The second issue, in the case of Judaism, is the size of this tradition. One of our requirements for a great tradition is that it has shaped hundreds of millions of people. Certainly Judaism has influenced great numbers of Jews. Over the centuries, they might total 100 million. Furthermore, it has greatly influenced Christianity and Islam, meriting being called their mother. But nowadays there are only about 17.5 million Jews in the world, compared to about 303 million Buddhists, 935 million Muslims, and 1,758 million Christians.1 If we said that virtually all Chinese, and most other East Asians, were Confucians to some degree, we might number this fourth great tradition at over 2,000 million. Any such reckoning is problematic, especially for Confucians but also for Buddhists, Christians, Muslims, and Hindus (who now stand at about 705 million). It is also problematic for Jews, however, because many of them are not religious.
The point, then, is that the numerical greatness of Judaism does not stand on a level with that of the other traditions. Needless to say, this numerical fact does not make Judaism less beautiful, profound, or worthy of study than traditions enrolling greater numbers. Not only does quantity not determine quality, Judaism has exerted strong historical influence in a great number of cultures where its members were only a creative minority. It simply means that, when combined with the problems of determining a founder for Judaism to stand alongside the Buddha, Confucius, Jesus, and Muhammad, the symmetry slips and the inclusion of Judaism causes intellectual discomfort. Thus, for a brief study focused on the unarguable core of the matter of great religious founders, Judaism does not suit our purpose.
Last, it is clear that not all the people in the world are religious. Prior to modernity, most people in the world were religious, but since modernity religion has suffered many setbacks, first in the West and then throughout the rest of the world. As a result, perhaps 1,100 million people today are either nonreligious or atheistic. Still, perhaps three of every four present day people are religious—well over 3,500 million. Of these, the four founders we treat have shaped the solid majority, well over two billion, by the most conservative reckoning, at least 70 percent.2 Indeed, well over half of all the people in the world owe more of their sense of reality to these four men than to any other clearly discernible source (the influence of science and technology is strong, but how does one compare that to the impact of a single historical person?). In dealing with the spiritualities of the great religious founders, then, we are studying some of the most significant ideas and attitudes in today’s world, to say nothing of past recorded history.

Spirituality

Granted the significance of the Buddha, Confucius, Jesus, and Muhammad, what does it mean to focus on their spiritualities? How ought we to understand this word? In general, here a spirituality will be a living, existential religious concern. We focus on what the Buddha taught about how to live, what to think about ultimate reality, how to become dispassionate, what to feel and love. The same for Confucius, Jesus, and Muhammad. In each case, our interest is not so much speculative as practical and personal. What is the path to peace, joy, wisdom, fulfillment, holiness that the founder, the spiritual master, laid out? On what did he want his community to focus? What were the values that any myths and rituals developed by his community ought to have promoted? How did he prompt his followers to interact with the natural world, their fellow human beings, their own selves, and ultimate reality or God? What were the stances in the world, the intellectual and emotional positions, that Muhammad, or Christ, or Confucius, or Gautama would have applauded? What were the saintly virtues, the praiseworthy options in work and love, prayer and politics, that the life of the founder encouraged?

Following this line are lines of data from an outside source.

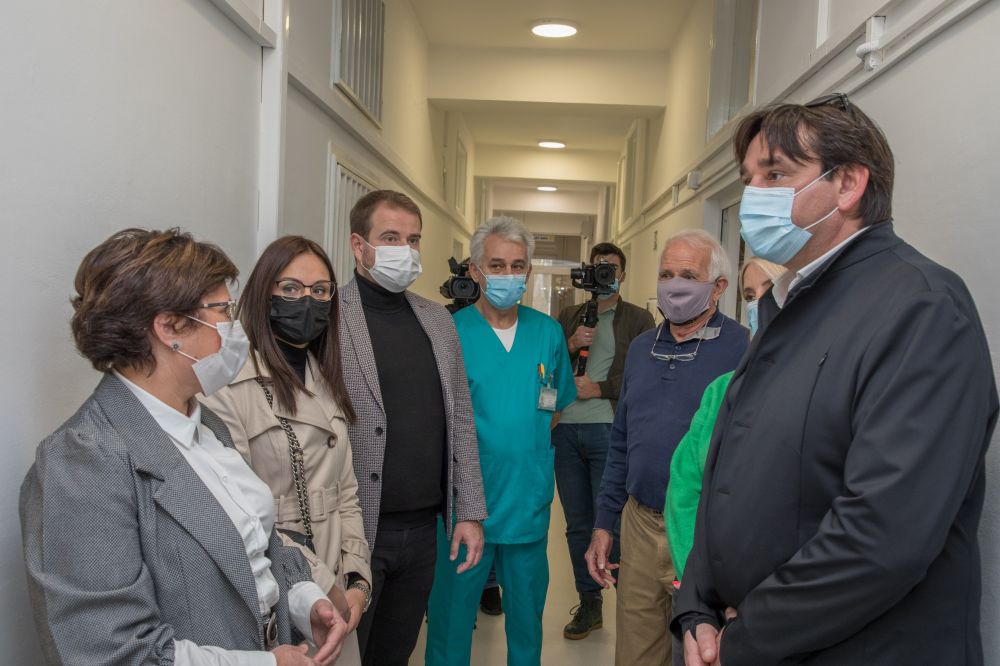 Complete renovation of the Outpatient Department for oncology patients  in Kruševac through the donation worth over RSD 15 million, made by  Mrs Anka Erne, Kruševac-born long-time donator of the Divac Foundation 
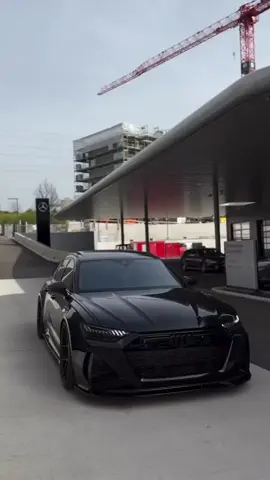 #audi #rs6 #fyp #foryou #viral #viralvideo AUDI 🥇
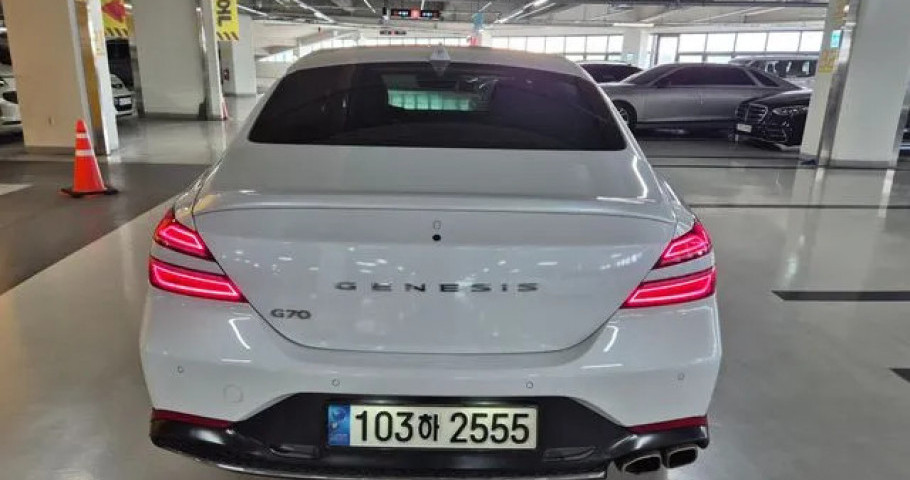 Genesis G70 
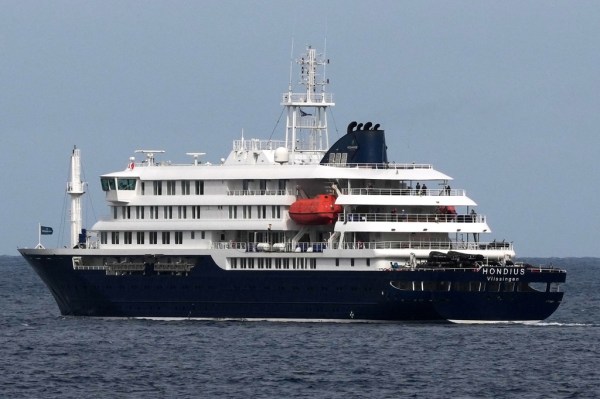 US passenger aboard MV Hondius cruise ship tests positive for hantavirus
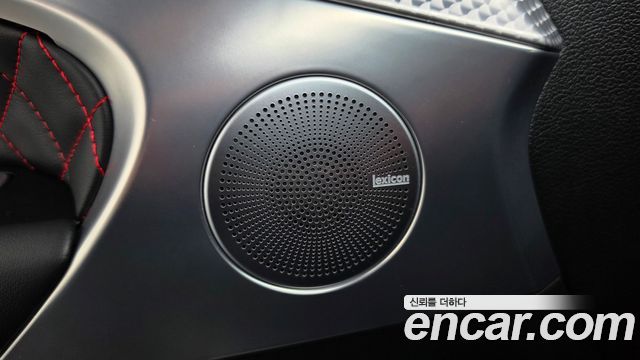 Genesis G70 2021 — photo 30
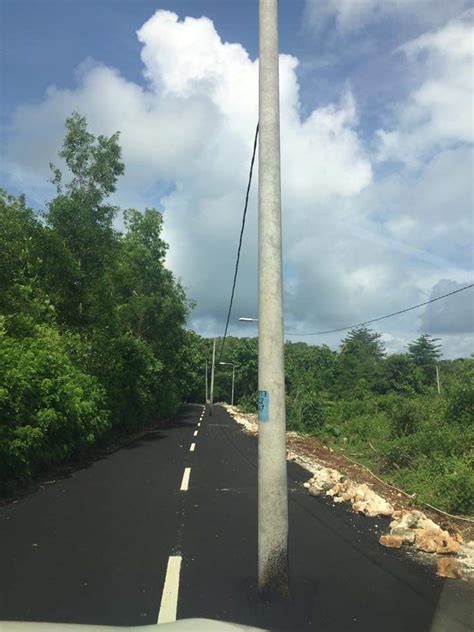 Viral Tiang Beton Listrik Di Tengah Jalan Raya Bali | Otomotif Langka ...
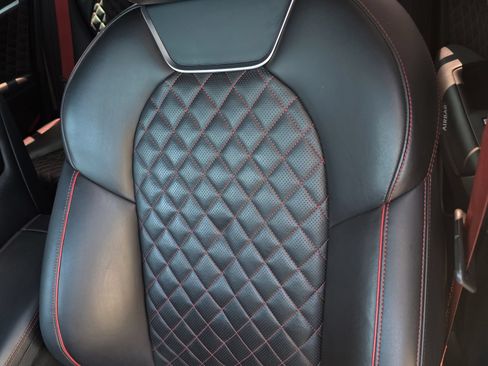 Used 2023 Genesis G70 3.3T w/ Sport Prestige Package RWD image 15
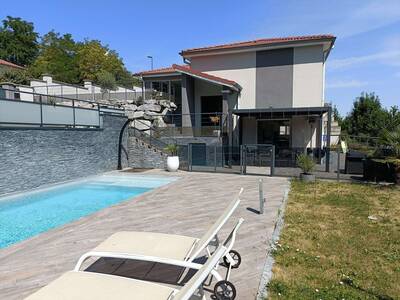 Vente maison 6 pièces Saint-Genest-Lerpt (42530)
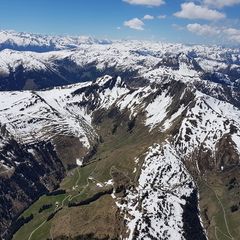 Flugwegposition um 11:27:54: Aufgenommen in der Nähe von Gemeinde Jochberg, 6373, Österreich in 2559 Meter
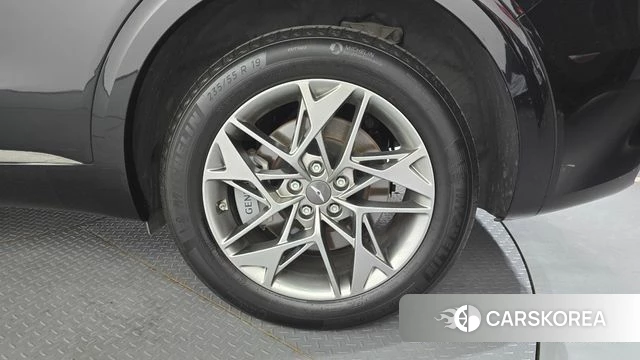 Genesis GV70 id 4505909 из Кореи 13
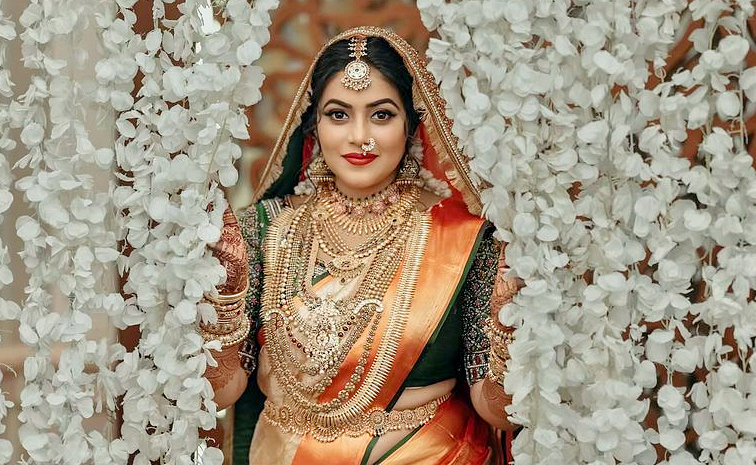 Actress_20Poorna_20Wedding_20Anniversary_20Pics_20Goes_20Viral_20in_20Social_20Media_20_286_29.jpg 6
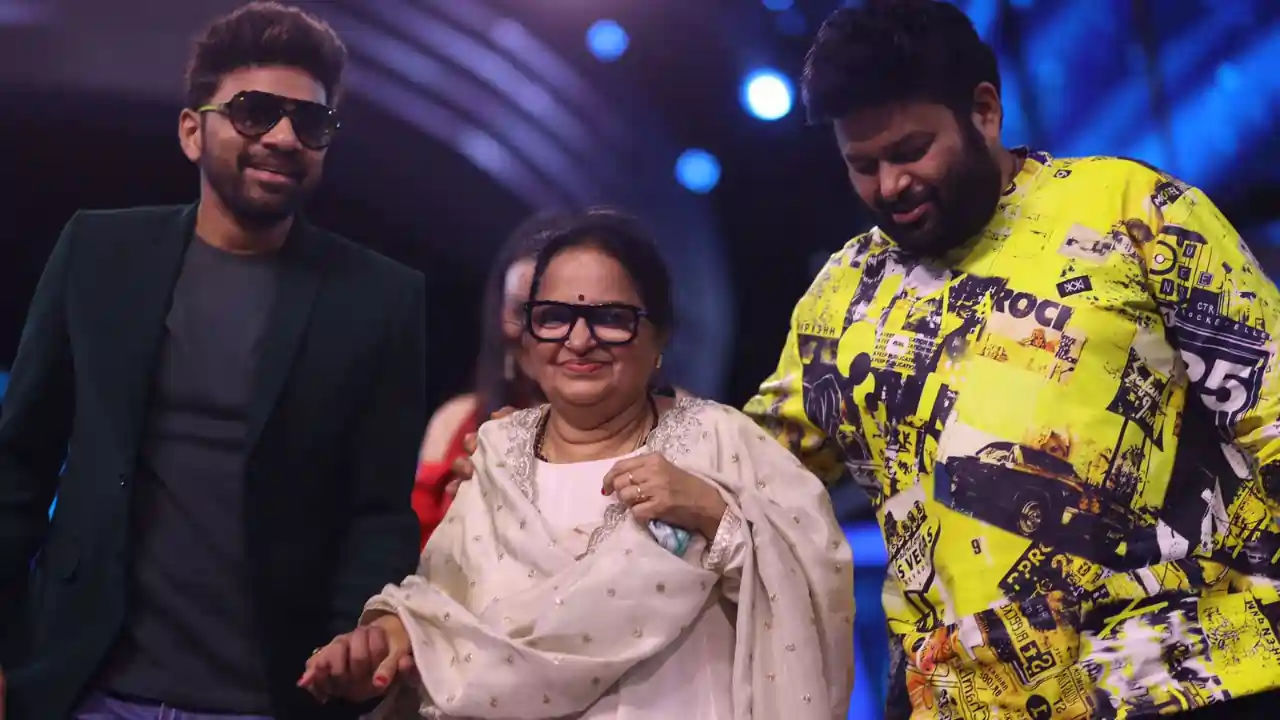 https://www.mobilemasala.com/film-gossip-tl/Telugu-Indian-Idol-Season-3-Taman-Mothers-Presence-Goes-Viral-tl-i294870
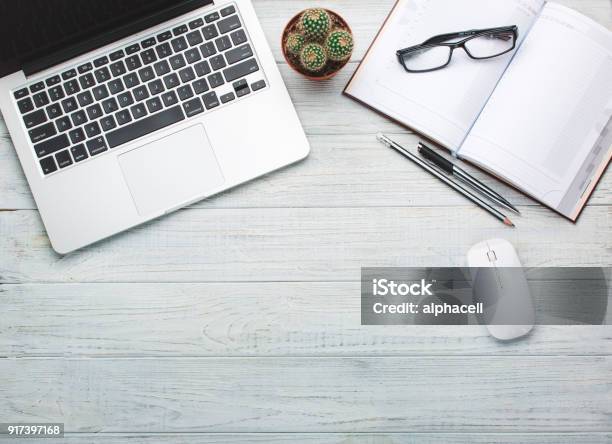 Trabajo Moderno Sobre Tabla De Madera Con Un Montón De Cosas Sobre Ella Foto de stock y más banco de imágenes de Top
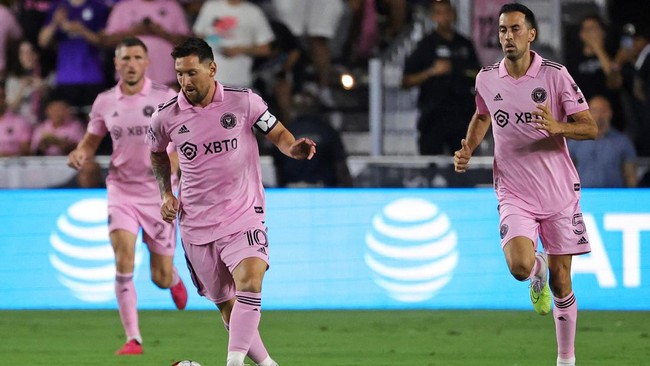 YouTuber IShowSpeed yang merupakan fans Cristiano Ronaldo viral di media sosial setelah dadakan menjadi penggemar Lionel Messi saat debut bersama Inter Miami.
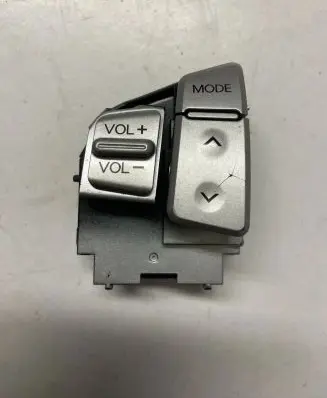 Hyundai Genesis Steering wheel buttons/switches 200008133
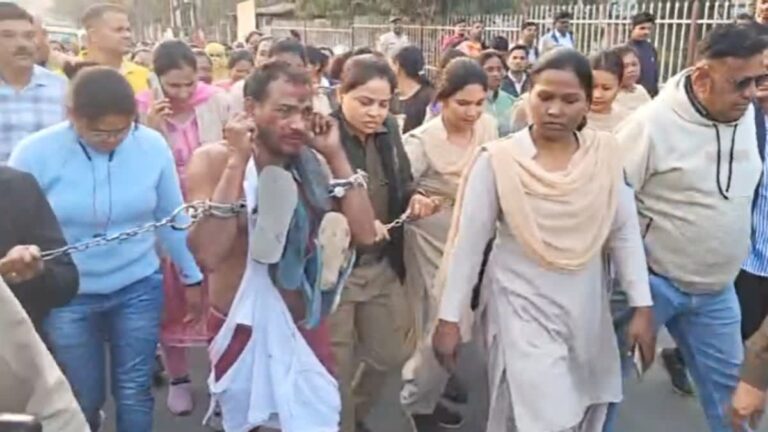 Raigarh Police Action Viral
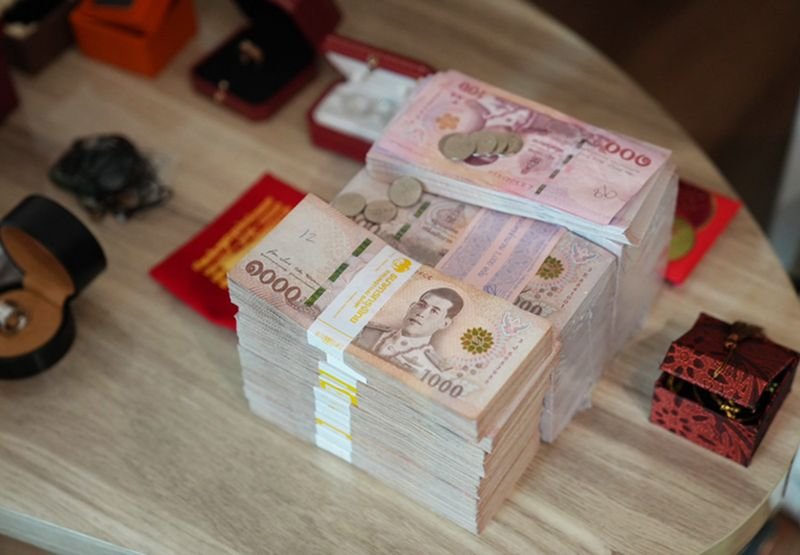 Die Polizei hat ein großes Callcenter-Betrugsnetzwerk zerschlagen, vier Verdächtige festgenommen und in koordinierten Razzien in fünf Provinzen Vermögenswerte im Wert von über 114 Millionen Baht beschlagnahmt. Die Operation richtete sich gegen ein transnationales kriminelles Netzwerk mit Beteiligung chinesischer und thailändischer Staatsangehöriger, das mit Online-Anlagebetrug und Geldwäsche in Verbindung steht.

We could continue to multiply examples of spiritual issues, but the point should be clear. We are not pursuing the historical biography of the founders, nor a philosophical analysis of their teachings. Either project would be difficult on textual grounds, but even if we had the sources to allow a critical biography or a full philosophical analysis, that would not be our interest. Rather, we want to suggest how these founders wanted their followers, their disciples, to live. We are in search of the style, the cast of mind and heart, the spirit inculcated by the Buddha or Jesus, Muhammad or Confucius. Even when we rush to admit that there is no single style, cast of mind and heart, or spirit in any of the four traditions, we have to say also that something distinctive remains. There is little danger of confusing Buddhists with Christians or Confucians with Muslims. It is this something distinctive that intrigues us, serves as our goal. If we can suggest, sketch, give a hint of the lasting imprint of these great founders, the character of the ways of life they launched, we shall feel successful. For in suggesting the spiritualities of these four geniuses, we shall have opened many mansions of religion—indeed many mansions of simple humanity.
To place this understanding of spirituality in the context of contemporary discussions of the term, let us consider two representative uses. The Preface of The Westminster Dictionary of Christian Spirituality explains the concerns of this reference work as follows:
Spirituality is a word very much in vogue among Christians of our time. French Catholic in origin, it is now common to evangelical Protestants also. A recent course was criticized for lack of spirituality, meaning that the timetable included few periods for worship. The Orthodox might prefer to speak of mystical theology, as in Vladimir Lossky’s title The Mystical Theology of the Eastern Church (where theology is the contemplation of God rather than an activity of the discursive reason alone), or simply, as does Alexander Schmemann, of the Christian life.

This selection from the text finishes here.